Our sun was formed by the gravitational collapse of a rich cloud of gas and dust that originated from older generations of stars that exploded as supernova or fizzled out of existence billions of years ago. It just so happens that the carbon-to-oxygen ratio from this stellar gas soup was just right for our sun to form silicate-rich rocky worlds like Earth (as opposed to carbon-rich worlds) with the perfect amount of water ice accumulating beyond the “snow line” of the solar system. The snow line is the distance at which a given substance will freeze, coalesce and accumulate.
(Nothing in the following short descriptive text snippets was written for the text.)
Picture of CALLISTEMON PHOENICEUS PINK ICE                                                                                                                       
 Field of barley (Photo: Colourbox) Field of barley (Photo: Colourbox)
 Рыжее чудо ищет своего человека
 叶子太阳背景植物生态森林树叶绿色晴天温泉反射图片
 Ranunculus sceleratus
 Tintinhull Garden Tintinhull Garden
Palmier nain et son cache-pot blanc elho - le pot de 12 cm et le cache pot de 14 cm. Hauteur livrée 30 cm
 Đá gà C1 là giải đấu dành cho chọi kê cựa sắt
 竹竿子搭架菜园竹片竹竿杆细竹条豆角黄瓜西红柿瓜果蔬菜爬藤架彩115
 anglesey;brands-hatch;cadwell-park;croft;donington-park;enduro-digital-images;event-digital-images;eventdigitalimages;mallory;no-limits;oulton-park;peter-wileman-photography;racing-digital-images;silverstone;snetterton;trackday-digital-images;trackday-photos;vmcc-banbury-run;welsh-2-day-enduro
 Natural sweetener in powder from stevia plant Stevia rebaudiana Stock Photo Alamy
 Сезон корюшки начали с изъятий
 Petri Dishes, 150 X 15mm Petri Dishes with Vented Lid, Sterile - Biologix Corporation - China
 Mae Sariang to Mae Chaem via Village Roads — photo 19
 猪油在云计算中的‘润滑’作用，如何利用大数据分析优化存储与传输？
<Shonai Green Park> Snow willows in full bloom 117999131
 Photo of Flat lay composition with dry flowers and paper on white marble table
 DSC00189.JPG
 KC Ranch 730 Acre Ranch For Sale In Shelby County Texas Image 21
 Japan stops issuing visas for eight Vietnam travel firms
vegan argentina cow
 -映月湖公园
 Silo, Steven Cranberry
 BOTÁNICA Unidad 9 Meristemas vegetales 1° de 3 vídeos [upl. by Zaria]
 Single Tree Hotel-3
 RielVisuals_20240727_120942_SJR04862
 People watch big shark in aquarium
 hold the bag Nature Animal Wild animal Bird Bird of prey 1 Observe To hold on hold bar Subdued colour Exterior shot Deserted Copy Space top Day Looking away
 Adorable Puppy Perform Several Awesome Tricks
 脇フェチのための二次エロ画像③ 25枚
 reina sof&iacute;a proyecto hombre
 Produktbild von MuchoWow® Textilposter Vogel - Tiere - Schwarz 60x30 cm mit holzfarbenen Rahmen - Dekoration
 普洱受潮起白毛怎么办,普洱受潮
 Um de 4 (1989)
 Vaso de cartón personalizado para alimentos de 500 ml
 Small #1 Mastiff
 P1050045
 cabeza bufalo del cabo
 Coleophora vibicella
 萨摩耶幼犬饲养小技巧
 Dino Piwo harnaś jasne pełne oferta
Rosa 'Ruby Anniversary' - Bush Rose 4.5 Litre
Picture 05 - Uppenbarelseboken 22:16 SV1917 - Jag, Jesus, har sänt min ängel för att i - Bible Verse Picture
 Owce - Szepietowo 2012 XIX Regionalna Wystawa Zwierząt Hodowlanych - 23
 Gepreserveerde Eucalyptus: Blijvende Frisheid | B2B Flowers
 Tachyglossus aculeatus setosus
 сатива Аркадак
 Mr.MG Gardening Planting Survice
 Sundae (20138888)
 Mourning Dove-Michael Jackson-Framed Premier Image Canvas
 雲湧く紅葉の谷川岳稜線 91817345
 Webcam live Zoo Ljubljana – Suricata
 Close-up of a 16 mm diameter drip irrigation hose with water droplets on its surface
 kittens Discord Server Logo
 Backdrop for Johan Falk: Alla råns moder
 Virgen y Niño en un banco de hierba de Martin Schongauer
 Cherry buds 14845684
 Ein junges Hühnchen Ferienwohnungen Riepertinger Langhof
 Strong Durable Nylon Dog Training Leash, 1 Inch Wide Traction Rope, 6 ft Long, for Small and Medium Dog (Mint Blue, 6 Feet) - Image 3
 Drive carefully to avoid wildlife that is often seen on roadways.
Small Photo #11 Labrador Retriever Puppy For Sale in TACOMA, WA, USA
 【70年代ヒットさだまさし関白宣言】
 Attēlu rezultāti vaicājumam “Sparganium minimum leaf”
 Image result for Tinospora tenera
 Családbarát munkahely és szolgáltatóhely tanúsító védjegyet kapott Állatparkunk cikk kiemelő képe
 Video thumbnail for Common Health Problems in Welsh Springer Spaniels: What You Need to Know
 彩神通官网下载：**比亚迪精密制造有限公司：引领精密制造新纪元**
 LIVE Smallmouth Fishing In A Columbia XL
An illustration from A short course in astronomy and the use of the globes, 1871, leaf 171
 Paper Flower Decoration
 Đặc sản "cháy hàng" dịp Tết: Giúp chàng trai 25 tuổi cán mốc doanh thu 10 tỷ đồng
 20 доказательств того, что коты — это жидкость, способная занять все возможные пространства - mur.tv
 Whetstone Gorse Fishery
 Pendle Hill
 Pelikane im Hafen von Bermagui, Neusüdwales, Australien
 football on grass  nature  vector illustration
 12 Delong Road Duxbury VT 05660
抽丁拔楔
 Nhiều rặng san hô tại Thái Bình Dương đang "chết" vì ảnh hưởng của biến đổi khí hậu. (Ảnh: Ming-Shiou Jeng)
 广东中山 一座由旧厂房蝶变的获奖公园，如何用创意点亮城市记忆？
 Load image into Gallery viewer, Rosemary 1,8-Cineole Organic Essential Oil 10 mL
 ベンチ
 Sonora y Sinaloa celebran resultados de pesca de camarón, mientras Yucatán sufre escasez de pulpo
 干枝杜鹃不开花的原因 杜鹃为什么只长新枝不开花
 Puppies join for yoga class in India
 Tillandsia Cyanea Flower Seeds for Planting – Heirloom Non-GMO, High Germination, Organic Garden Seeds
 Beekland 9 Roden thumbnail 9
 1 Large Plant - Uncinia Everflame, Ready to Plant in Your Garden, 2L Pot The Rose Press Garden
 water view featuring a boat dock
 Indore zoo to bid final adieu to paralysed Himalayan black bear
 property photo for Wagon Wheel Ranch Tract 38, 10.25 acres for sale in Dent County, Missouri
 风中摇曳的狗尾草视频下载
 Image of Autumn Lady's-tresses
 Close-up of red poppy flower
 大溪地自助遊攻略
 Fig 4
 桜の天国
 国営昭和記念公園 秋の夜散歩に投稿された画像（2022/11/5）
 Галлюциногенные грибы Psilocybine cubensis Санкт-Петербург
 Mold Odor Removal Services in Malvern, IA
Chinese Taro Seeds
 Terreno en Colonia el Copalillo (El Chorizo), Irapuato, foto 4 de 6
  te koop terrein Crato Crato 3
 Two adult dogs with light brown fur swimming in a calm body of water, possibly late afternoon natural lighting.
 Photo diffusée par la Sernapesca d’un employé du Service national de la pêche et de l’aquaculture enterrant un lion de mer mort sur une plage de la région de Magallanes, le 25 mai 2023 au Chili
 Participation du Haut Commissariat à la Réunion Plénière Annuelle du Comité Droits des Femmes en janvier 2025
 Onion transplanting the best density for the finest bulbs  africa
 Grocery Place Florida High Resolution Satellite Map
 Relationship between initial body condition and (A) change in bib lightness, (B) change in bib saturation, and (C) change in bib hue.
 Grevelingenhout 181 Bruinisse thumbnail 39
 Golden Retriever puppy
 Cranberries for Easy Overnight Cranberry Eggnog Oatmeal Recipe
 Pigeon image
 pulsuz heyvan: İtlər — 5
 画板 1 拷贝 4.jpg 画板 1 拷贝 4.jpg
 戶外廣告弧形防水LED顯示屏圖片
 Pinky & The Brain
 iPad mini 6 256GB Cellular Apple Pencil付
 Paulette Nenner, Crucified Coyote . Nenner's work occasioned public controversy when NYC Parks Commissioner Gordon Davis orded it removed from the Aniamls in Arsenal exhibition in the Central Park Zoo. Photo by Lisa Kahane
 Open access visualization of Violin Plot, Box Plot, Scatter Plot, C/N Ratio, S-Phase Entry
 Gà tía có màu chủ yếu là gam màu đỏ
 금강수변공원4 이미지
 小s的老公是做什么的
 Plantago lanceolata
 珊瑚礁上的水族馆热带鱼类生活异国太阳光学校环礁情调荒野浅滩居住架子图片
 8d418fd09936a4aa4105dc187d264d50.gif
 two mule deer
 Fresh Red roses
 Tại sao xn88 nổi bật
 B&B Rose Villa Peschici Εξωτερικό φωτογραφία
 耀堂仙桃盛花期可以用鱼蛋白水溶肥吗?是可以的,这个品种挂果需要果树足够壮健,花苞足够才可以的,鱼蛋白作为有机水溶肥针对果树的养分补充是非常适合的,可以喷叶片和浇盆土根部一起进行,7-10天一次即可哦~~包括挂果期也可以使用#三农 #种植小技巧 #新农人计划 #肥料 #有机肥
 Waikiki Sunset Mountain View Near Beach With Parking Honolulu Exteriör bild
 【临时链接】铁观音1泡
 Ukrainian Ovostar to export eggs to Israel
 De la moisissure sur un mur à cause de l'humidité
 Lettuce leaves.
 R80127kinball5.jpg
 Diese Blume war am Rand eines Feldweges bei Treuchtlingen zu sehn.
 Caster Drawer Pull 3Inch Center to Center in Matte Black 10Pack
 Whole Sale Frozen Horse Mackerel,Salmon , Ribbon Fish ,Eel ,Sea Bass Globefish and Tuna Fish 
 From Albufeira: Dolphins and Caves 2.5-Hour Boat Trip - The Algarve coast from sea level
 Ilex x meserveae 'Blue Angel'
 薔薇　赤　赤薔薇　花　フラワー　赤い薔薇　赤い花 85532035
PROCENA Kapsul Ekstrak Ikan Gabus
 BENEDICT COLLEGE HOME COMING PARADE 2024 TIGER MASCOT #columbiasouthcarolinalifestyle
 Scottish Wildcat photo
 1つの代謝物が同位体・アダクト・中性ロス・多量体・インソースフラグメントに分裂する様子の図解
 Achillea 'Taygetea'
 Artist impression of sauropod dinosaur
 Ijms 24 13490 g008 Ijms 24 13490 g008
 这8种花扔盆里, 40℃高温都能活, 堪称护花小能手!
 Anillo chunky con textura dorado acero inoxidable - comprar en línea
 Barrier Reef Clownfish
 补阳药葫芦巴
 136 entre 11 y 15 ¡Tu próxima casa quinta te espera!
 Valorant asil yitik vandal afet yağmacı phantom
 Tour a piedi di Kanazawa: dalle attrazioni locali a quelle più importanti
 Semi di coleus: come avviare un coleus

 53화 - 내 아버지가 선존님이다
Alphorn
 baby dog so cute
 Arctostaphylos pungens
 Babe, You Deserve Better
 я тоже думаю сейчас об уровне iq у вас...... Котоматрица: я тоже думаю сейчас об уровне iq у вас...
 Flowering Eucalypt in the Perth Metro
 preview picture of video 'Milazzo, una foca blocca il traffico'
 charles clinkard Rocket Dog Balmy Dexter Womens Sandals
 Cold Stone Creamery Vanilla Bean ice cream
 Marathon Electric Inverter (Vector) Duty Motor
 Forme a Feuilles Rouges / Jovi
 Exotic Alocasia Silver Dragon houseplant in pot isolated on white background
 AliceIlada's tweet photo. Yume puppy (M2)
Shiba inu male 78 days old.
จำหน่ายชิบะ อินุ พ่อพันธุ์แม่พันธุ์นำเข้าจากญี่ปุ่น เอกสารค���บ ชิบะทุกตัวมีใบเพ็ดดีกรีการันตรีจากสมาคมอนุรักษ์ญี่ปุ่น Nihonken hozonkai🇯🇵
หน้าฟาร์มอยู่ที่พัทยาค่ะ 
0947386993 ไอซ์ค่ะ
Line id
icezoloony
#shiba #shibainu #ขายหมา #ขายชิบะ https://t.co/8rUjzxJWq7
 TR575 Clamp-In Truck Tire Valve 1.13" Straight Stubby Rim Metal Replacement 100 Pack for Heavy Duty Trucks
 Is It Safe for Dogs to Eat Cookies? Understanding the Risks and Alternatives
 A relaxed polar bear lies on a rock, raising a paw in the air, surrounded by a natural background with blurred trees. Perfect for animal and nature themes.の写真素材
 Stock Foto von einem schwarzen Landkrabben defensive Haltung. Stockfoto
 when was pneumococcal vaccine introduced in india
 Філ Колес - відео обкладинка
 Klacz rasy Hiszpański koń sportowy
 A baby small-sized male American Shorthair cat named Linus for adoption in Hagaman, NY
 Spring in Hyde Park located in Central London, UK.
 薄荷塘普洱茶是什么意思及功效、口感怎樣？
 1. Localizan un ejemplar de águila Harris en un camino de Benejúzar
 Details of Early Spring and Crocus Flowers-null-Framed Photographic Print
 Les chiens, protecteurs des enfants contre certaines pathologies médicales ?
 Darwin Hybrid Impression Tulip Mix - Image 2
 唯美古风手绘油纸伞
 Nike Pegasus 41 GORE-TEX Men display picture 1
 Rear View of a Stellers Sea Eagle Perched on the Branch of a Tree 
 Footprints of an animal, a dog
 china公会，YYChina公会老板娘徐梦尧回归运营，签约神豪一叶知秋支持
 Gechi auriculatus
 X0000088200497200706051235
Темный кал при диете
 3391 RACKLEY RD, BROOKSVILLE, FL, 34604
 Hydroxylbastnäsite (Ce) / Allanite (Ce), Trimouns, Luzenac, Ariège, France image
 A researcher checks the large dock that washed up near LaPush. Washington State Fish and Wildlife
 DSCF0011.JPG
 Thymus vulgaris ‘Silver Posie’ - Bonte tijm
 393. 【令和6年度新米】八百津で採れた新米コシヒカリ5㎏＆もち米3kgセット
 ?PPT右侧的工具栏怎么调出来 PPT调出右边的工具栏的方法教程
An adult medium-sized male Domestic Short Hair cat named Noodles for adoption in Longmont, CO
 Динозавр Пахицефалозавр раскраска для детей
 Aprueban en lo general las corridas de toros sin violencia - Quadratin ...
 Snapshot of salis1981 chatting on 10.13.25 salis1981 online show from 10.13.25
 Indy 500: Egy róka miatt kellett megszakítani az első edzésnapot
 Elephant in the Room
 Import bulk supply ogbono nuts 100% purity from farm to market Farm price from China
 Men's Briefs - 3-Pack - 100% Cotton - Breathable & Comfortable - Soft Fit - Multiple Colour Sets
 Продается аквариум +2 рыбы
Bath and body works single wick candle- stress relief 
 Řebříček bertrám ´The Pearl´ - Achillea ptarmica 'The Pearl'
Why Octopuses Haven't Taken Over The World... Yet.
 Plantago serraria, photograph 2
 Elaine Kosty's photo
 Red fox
Asteroids and comets collected their abundance of water in this region — thought to be the source of the liquid water oceans on Earth.

However, in models where the carbon-to-oxygen ratio was varied to favor the formation of carbon-rich worlds, no water formed. In this case, “there’s no snow beyond the snow line,” said Johnson.

This creates an interesting complexity to the search for “habitable” exoplanets. Although a candidate “Earth 2.0″ may be the same size as our planet and orbit within its star’s “habitable zone” — the region surrounding a star where it’s not too hot and not too cold for liquid water to exist on a planetary surface — if it is carbon-rich, it could be the antithesis of “habitable.”

“So-called diamond planets the size of Earth, if they exist, will look totally alien to us: lifeless, ocean-less desert worlds,” Lunine concluded.

Publication: “Planetesimal Compositions in Exoplanet Systems,” Torrence V. Johnson, Olivier Mousis, Jonathan I. Lunine, Nikku Madhusudhan, 2013.

Image: This artist’s concept illustrates the fate of two different planets: the one on the left is similar to Earth, made up largely of silicate-based rocks with oceans coating its surface. The one on the right is rich in carbon — and dry. Credit: NASA/JPL-Caltech(Oct 25, 2013 03:36 PM ET // by Ian O'Neill)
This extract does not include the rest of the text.